The lower South rose up against constitutional and electoral process, and Lincoln imposed the death penalty on them.
How about a Supreme Court decision? Texas v. White - Wikipedia, the free encyclopedia
Yeah, I've already discussed that piece of shit. A bunch of sycophants Lincoln placed on the court ruled that Texas had remained a state since it had joined the union despite the fact that it had no Senators or Representatives in Congress since 1861. Anyone who believes that will also believe Obama is a big supporter of capitalism.
Strictly speaking, I'm not sure a state is required to send a Congressional delegation. Elect, yes. Actually sent them to DC? That's a little more problematic.
Forgive me but what racist and historically inaccurate comments did he make?
That the Civil War was started by some Yankee General?
Slavery was on its way out even if there had never been a civil war. It was going to be rendered irrelevant by the industrial revolution.
Again, nonsense. The Jim Crow sharecropper South continued the reliance on virtual slave labor well into the 1930s.

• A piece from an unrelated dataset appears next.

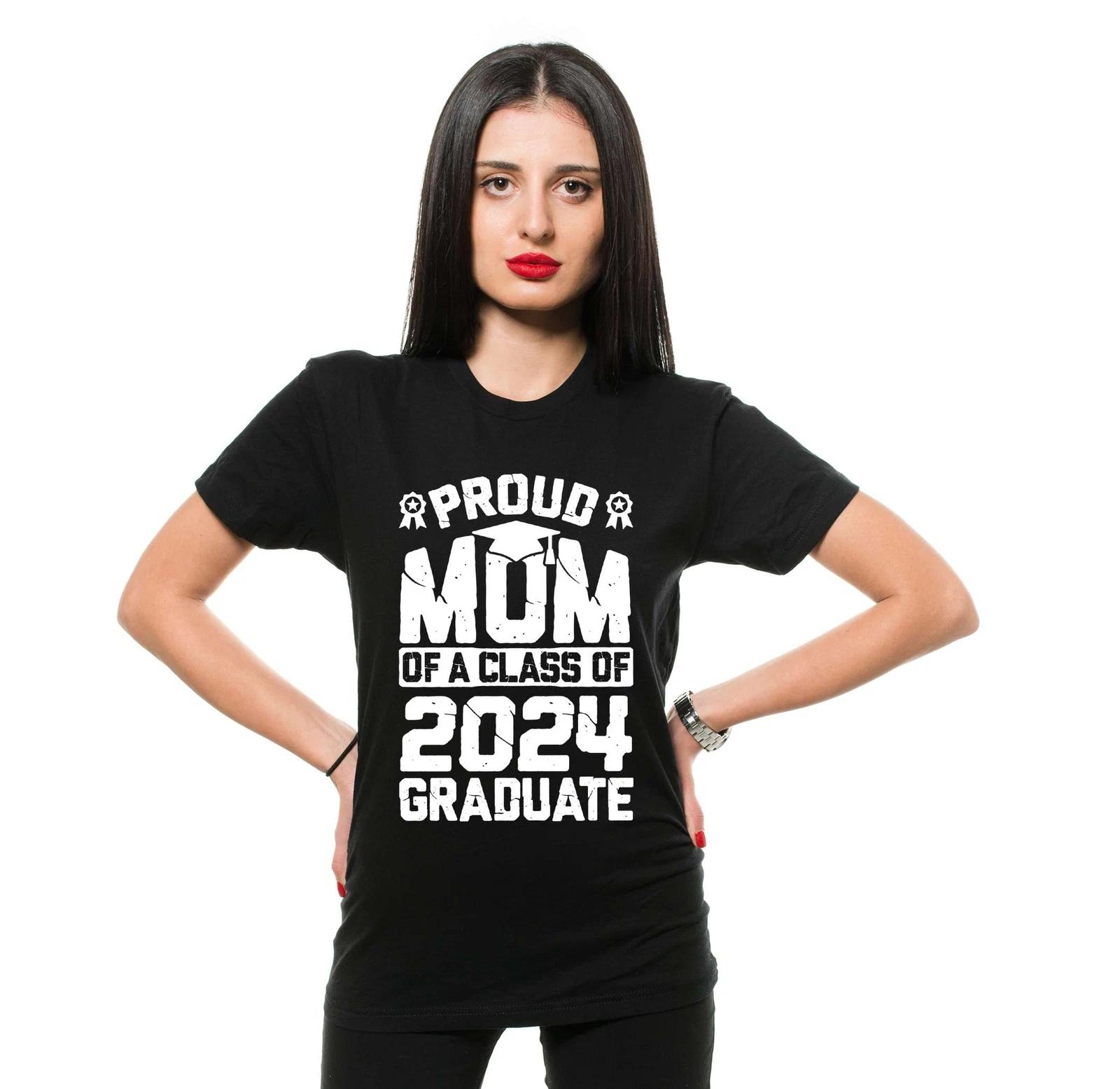 Proud Mom Of 2024 Graduate Shirt Proud Graduate 2024 Shirts Mom Mother Shirts L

As I stated in my last post, the Constitution permitted Congress to ban the slave trade after 1808. And that is what Congress did.
The South violated that ban, and thus violated the Constitution.
If the South had not violated the constitutional ban, there would have been no war.
Forgive me but what racist and historically inaccurate comments did he make?
That the Civil War was started by some Yankee General?
Unless I missed it in the article, he didn't say that. He called it the War of Northern Aggression. That is an accurate label.